• Even after a hurricane has passed, people returning to the area are at risk of a number of physical and mental health problems.
  • Contaminated floodwater and mold exposure during cleanup can be dangerous in the short term.
  • In the long term, survivors of severe storms can face mental health issues.

Hurricanes are natural occurrences that flood areas with storm surges, torrential winds, and rain. The winds, rain, and flooding can cause injuries, destruction, and even death.

Storm survivors may face health challenges in the short and long term. After a hurricane moves on, residents face dangerous physical and mental health problems while cleaning up the rubble.

Floodwater left behind after a hurricane can be deceptive.

It may contain raw sewage, household and industrial chemicals, or other hazardous substances. Exposure to these can cause symptoms such as upset stomach, intestinal problems, skin rash, wound infections, tetanus, or flu-like symptoms.

These substances may be present in standing water, household wells, or on objects that have been submerged.

Floodwater can also hide sharp metal or glass, submerged power lines, or strong currents.

“It actually takes very little floodwater to sweep away a pedestrian or even a car,” said Jennifer Horney, PhD, MPH, a professor and director of epidemiology at the University of Delaware in Newark.

According to the Centers for Disease Control and Prevention (CDC), the best way to protect yourself is to stay out of floodwater.

If you do come in contact with the water or potentially contaminated objects, wash the area of your body with soap and clean water, or alcohol-based sanitizer or wipes, as soon as possible.

Discard food, beverages, and prescription drugs that have come into contact with floodwater.

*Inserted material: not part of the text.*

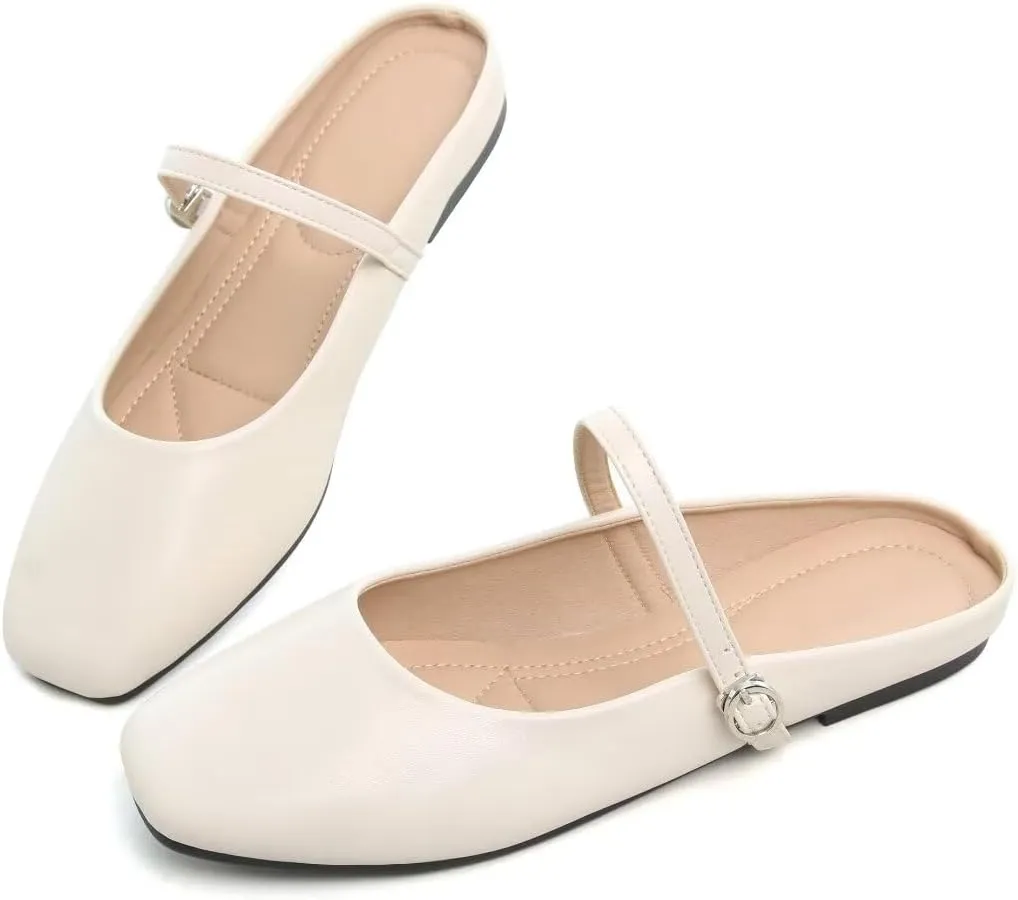 TN TANGNEST Flats for Women Elegant Square Toe Slip On Flats Soft One Line Strap Flats Retro Mary Jane Flat Shoes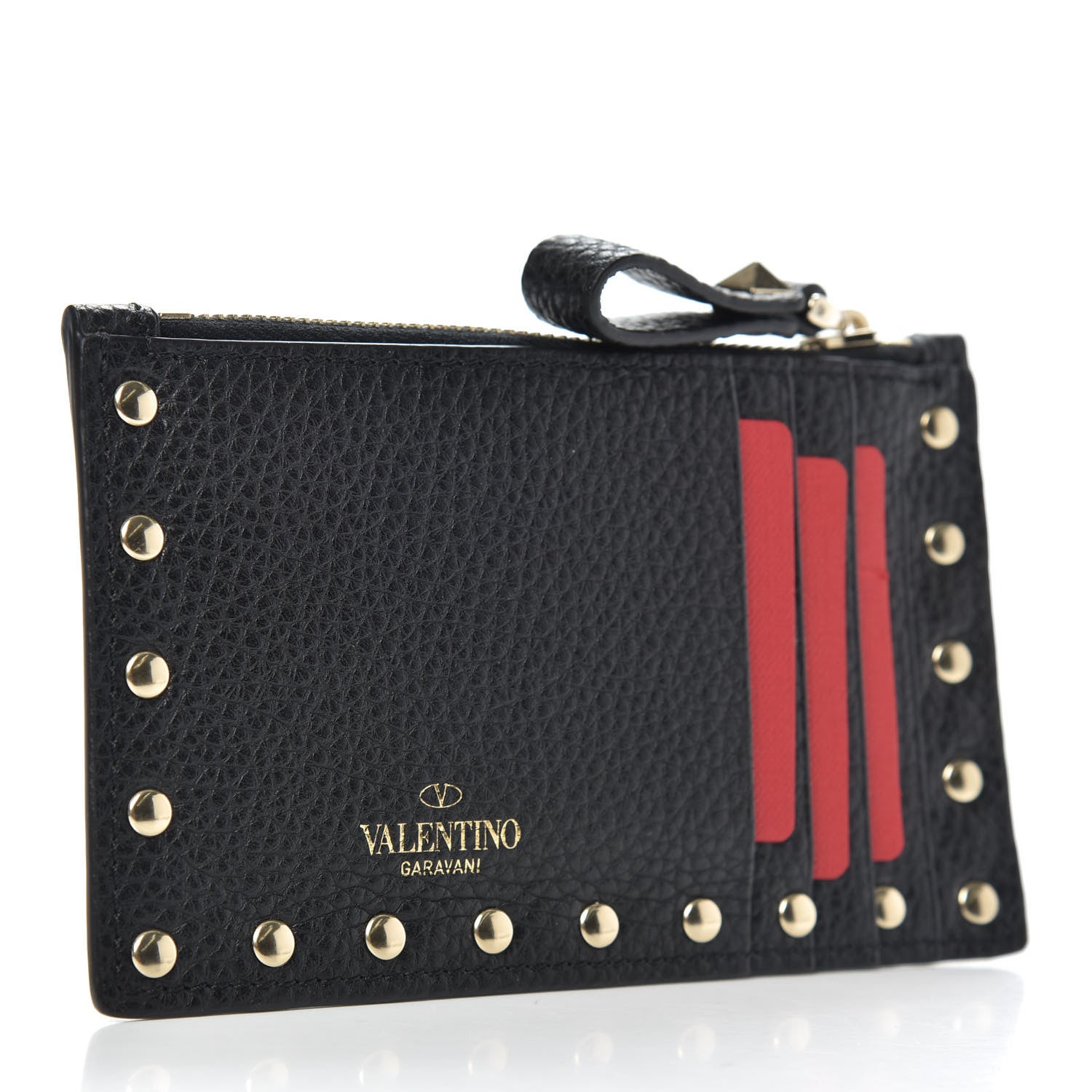 Valentino Garavani Pebbled Calfskin Rockstud Coin Case Card Holder Black 3 of 7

Wash clothing and other objects with hot water and soap before reusing them.

People may also run into problems when they return home and begin to clean up their homes and property.

Chris Uejio, PhD, assistant professor of geography at Florida State University in Tallahassee, said in the immediate days after a hurricane that people are at risk of electrocution from downed power lines and carbon monoxide poisoning from electrical generators.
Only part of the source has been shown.